DIRECTIONS: The entries that follow need to be printed exactly as they are, minus any pictures.

RAW DATA:

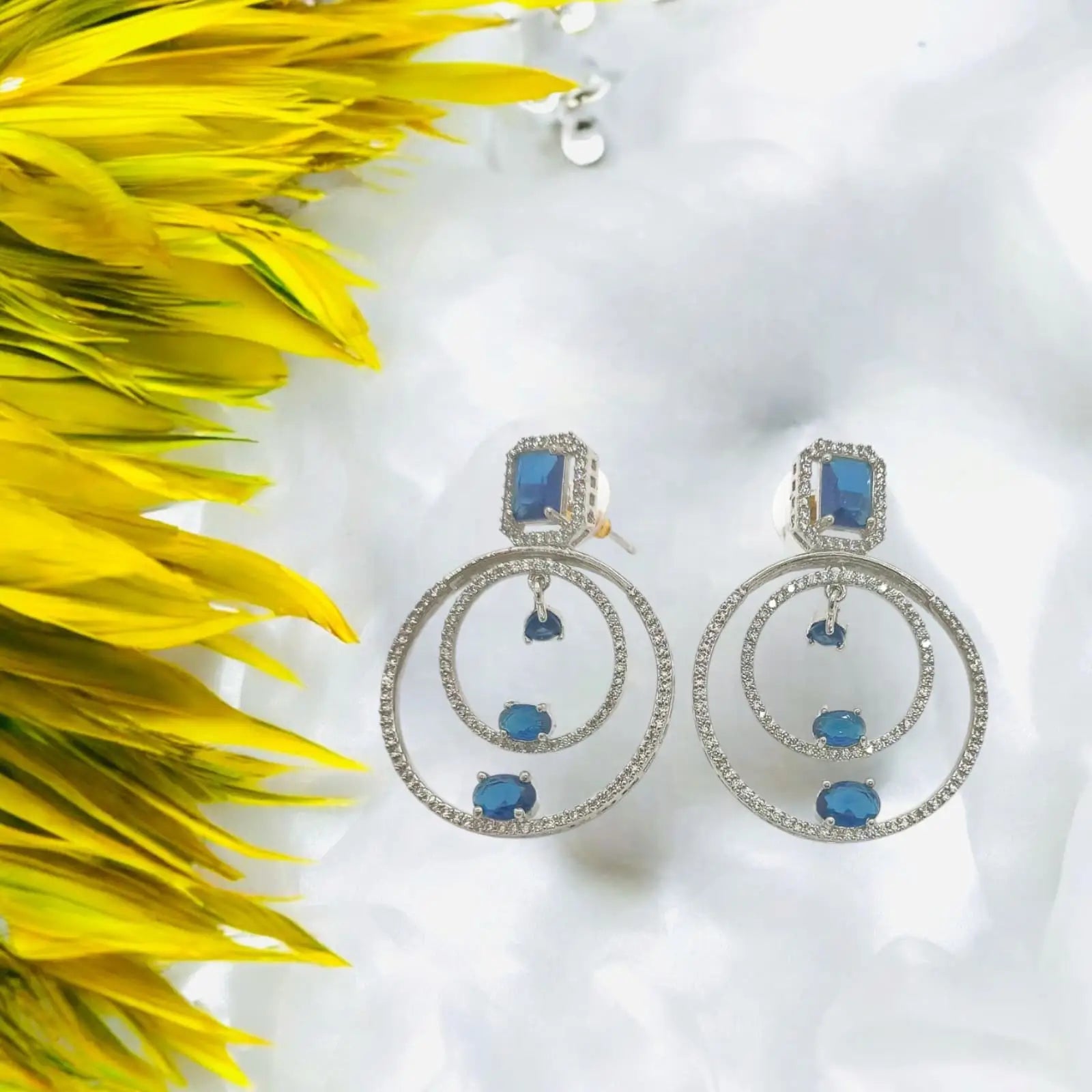 Blue gemstone drop earrings with silver hoops and pave stones.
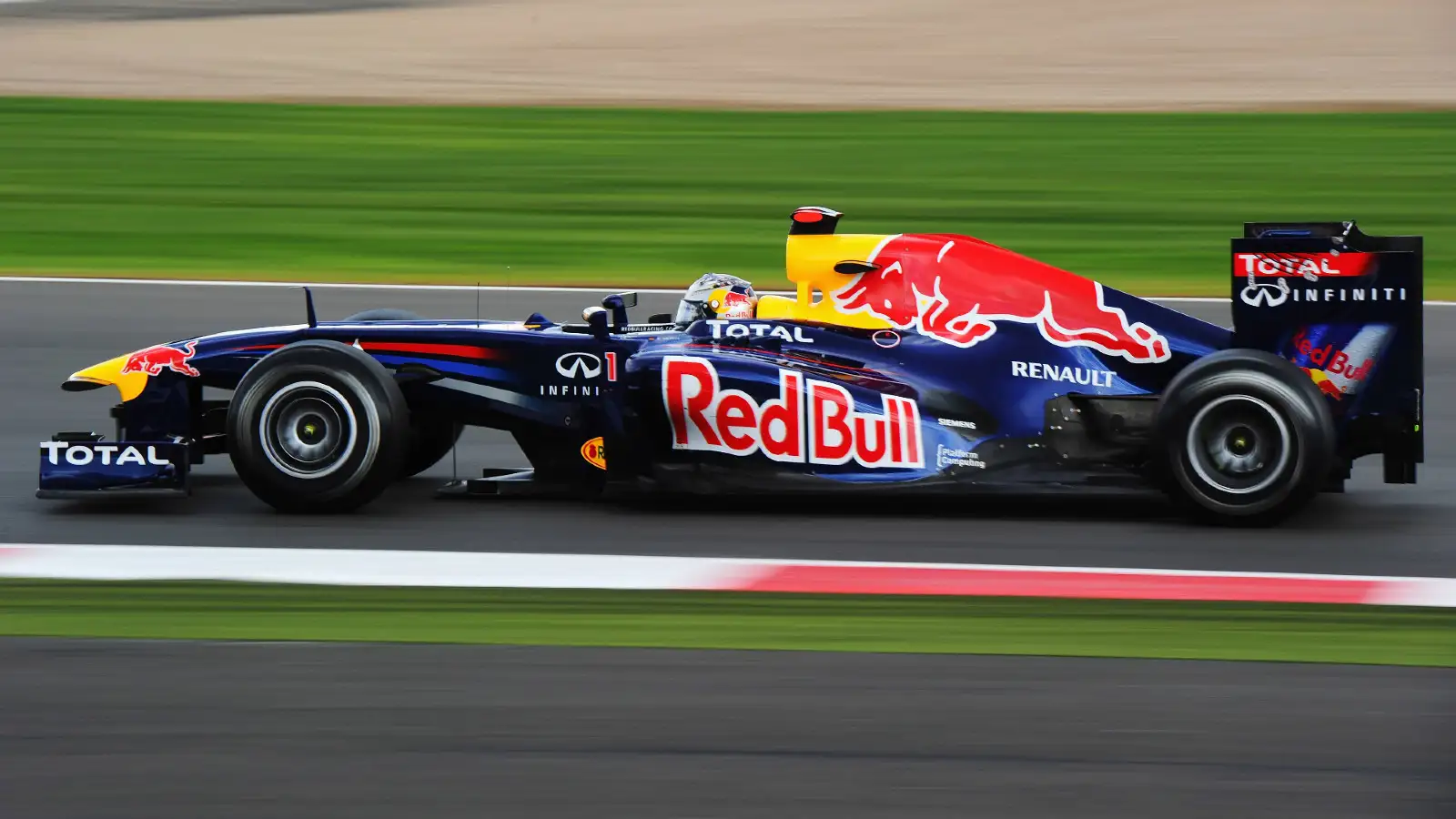 Red Bull's Sebastian Vettel on track racing at the 2011 British Grand Prix. Silverstone, July 2011. rule changes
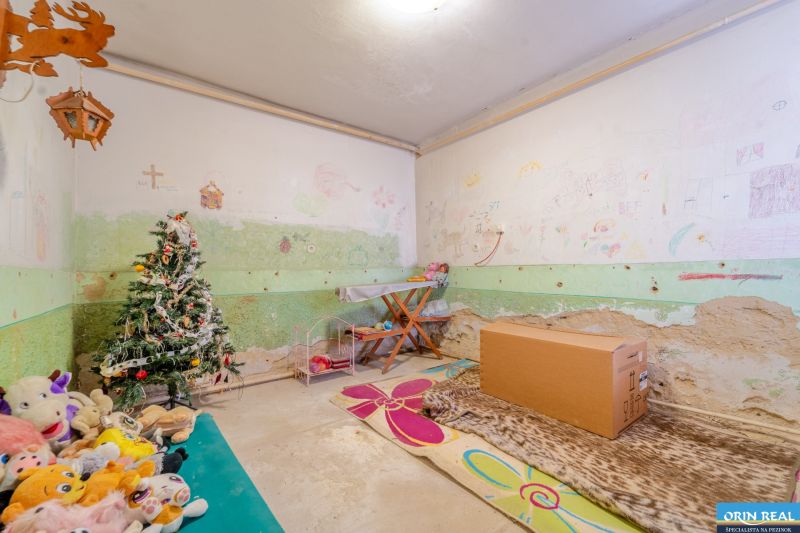 Gyerekszoba díszített karácsonyfával, rajzokkal a falakon és plüss játékokkal a családi házban.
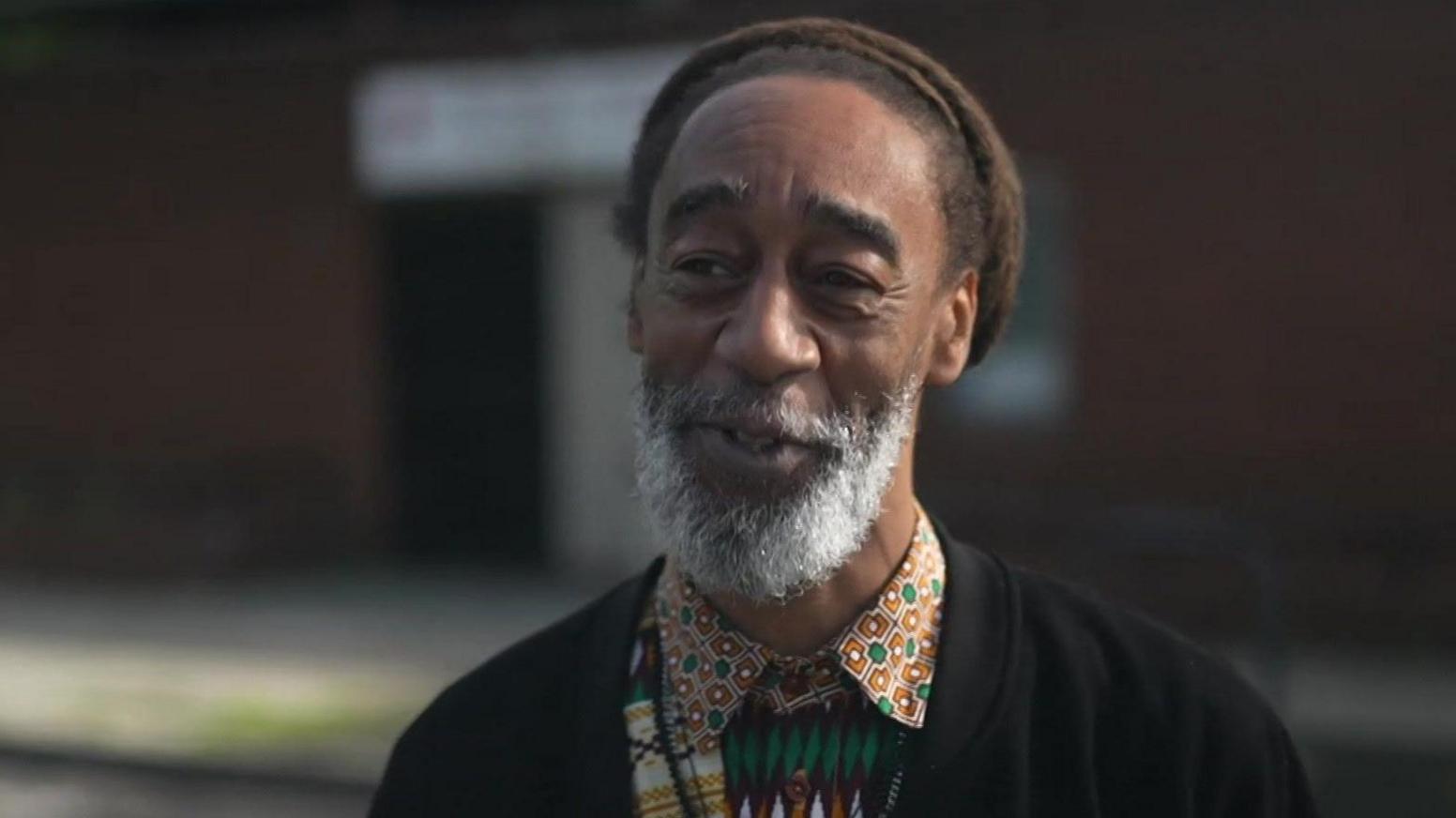 Man with grey beard wearing orange and green patterned shirt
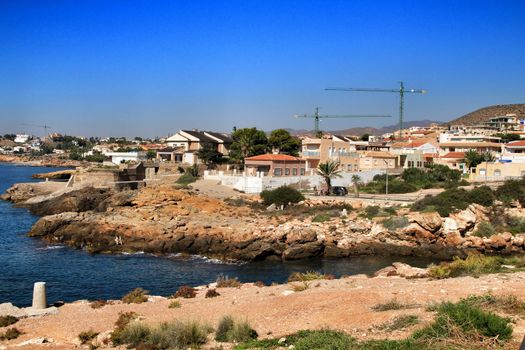 Beautiful beach with boulders, cliffs and mountains in Isla Plana village in Cartagena, Murcia, Spain in a sunny day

RESULT FOR THIS TASK:
 Blue gemstone drop earrings with silver hoops and pave stones.
 Red Bull's Sebastian Vettel on track racing at the 2011 British Grand Prix. Silverstone, July 2011. rule changes
 Gyerekszoba díszített karácsonyfával, rajzokkal a falakon és plüss játékokkal a családi házban.
 Man with grey beard wearing orange and green patterned shirt
 Beautiful beach with boulders, cliffs and mountains in Isla Plana village in Cartagena, Murcia, Spain in a sunny day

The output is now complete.